Le numérique, le virtuel, l’interactif

Au cours des 20 dernières années, les possibilités offertes par les outils technologiques pour des récits interactifs ont énormément évolué, couvrant un large éventail de produits allant des romans aux jeux vidéo en passant par la télévision et les performances artistiques. Ce domaine n’a pas de terminologie unifiée : des termes tels que fiction interactive, cinéma interactif, et performance interactive sont utilisés pour décrire différentes formes d’interactivité narrative. Les récits interactifs sont devenus un sujet d'étude académique, donnant lieu à de nouvelles catégories et concepts.

Trois termes principaux ont marqué le domaine :

  • Digital Storytelling : englobe toutes les œuvres, plus ou moins interactives, utilisant des technologies numériques pour raconter des histoires. Cela inclut la production et le partage de contenu via des appareils mobiles et les réseaux sociaux.
  • Virtual Storytelling : met l'accent sur le rôle du système informatique dans le traitement et l'exécution des récits.
  • Interactive Storytelling : se concentre spécifiquement sur les produits créés par des dispositifs numériques, soulignant l’importance de la composante computationnelle dans la gestion de l’interaction avec l’utilisateur.

En résumé, ces concepts montrent comment la technologie a transformé les récits en permettant une participation active et interactive du public, tout en ouvrant un champ de recherche académique et créatif riche en terminologies et en expérimentations narratives.

Interagir, participer, collaborer

Les tentatives de définition de la narration interactive sont souvent complexes et insaisissables. Le texte critique la tendance à vouloir imposer une théorie normative à cette forme d'art, affirmant que la créativité ne suit pas des modèles préétablis. Il souligne que l'objectif n'est pas de fixer des critères ou des conditions nécessaires pour qualifier une œuvre de « narration interactive ». Au lieu de cela, le livre met en avant des éléments communs observés dans la pratique.
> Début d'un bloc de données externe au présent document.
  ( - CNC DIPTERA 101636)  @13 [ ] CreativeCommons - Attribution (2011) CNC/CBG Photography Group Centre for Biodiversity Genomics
La définition de l’interaction varie selon les contextes. Selon l'Oxford English Dictionary, l'interaction désigne une action réciproque, tandis que Chris Crawford la décrit comme un processus cyclique où des agents (humains ou systèmes) écoutent, réfléchissent, et répondent. L’interactivité implique la bidirectionnalité, où les participants influencent le déroulement des événements, contrairement à une simple relation de cause à effet.
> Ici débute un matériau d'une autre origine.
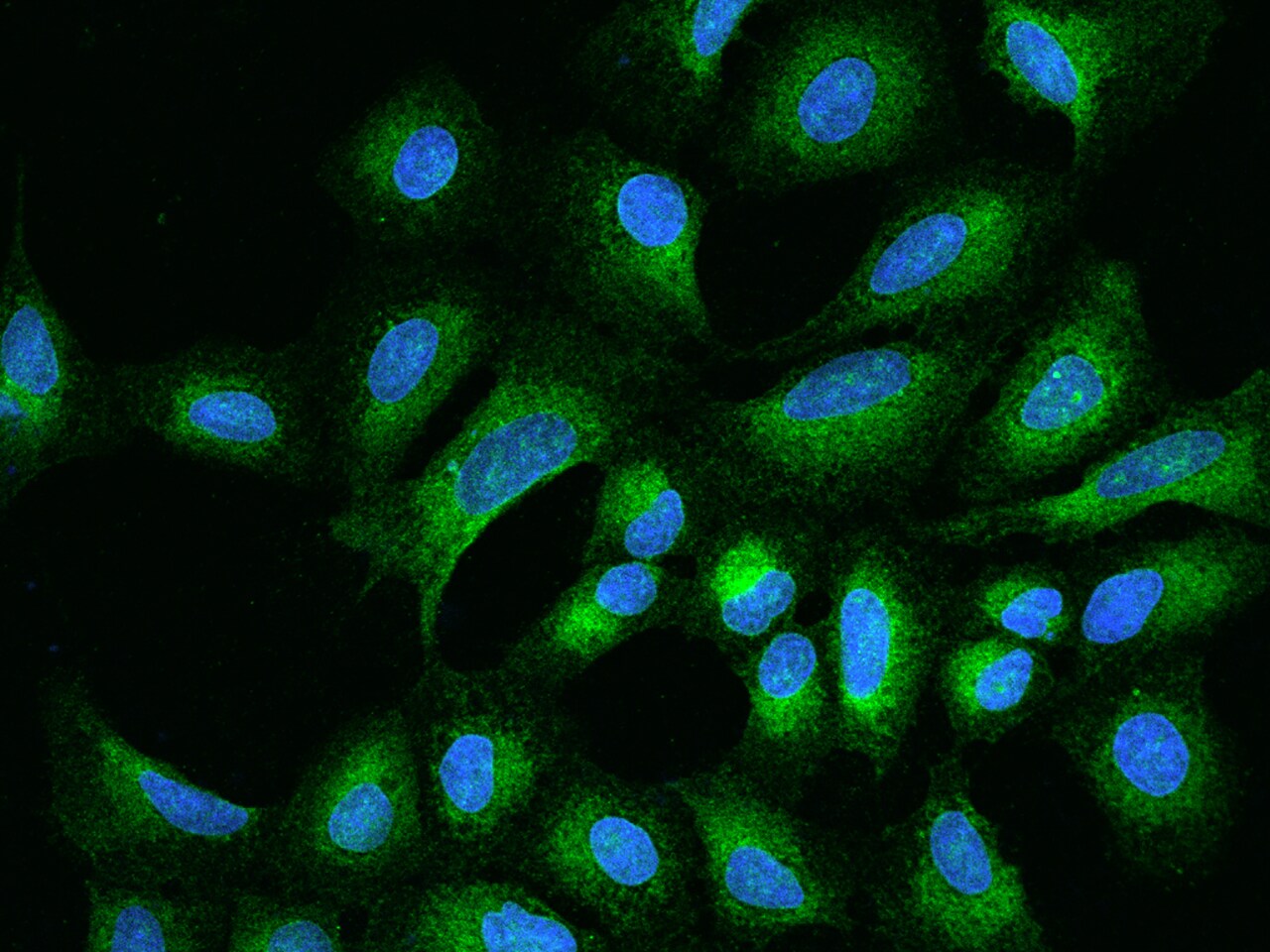 Derlin-2 Antibody - BSA Free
Au delà des définitions théoriques strictes de l’interactivité, nous pouvons préférer une approche plus flexible et contextuelle. La notion de participation varie selon chaque œuvre, et n’a pas de signification absolue. En ce sens, « raconter une histoire » ne se limite pas au simple récit, mais inclut l’implication cognitive, émotionnelle et physique du public. Avec l'avènement des technologies comme la réalité virtuelle (VR), la participation devient plus immersive et physique.

Dans cette optique, la participation dans une œuvre narrative n’est pas uniquement cognitive mais active, et parfois collaborative. Il est reconnu que le lecteur, ou plutôt le « participant », contribue à la création du monde fictif en interagissant avec le texte. Par exemple, dans certaines œuvres, un effort non trivial est nécessaire pour naviguer à travers le texte, comme l'a observé Espen Aarseth en 1997.

Le terme utilisé pour désigner cette personne qui interagit avec les récits interactifs a évolué. Si le terme « lecteur » était utilisé dans les premières études, il a été remplacé par « utilisateur » ou « joueur », selon les contextes (notamment dans les jeux vidéo). L'idée centrale est que ce participant influence activement le déroulement de l’histoire en interagissant avec l’œuvre.

Enfin, le texte souligne que la narration interactive peut prendre différentes formes – qu’il s’agisse d’une expérience sur un écran d’ordinateur, avec un casque VR, ou lors d’une performance. Ce volume explore une large variété de récits interactifs, et la terminologie employée reste délibérément générale pour s’adapter à cette diversité.

L'accent est mis sur l'importance de la pratique et de la participation dans la narration interactive, sans chercher à imposer des définitions fixes, mais en tenant compte des multiples formes que peut prendre cette interaction dans le monde numérique et physique.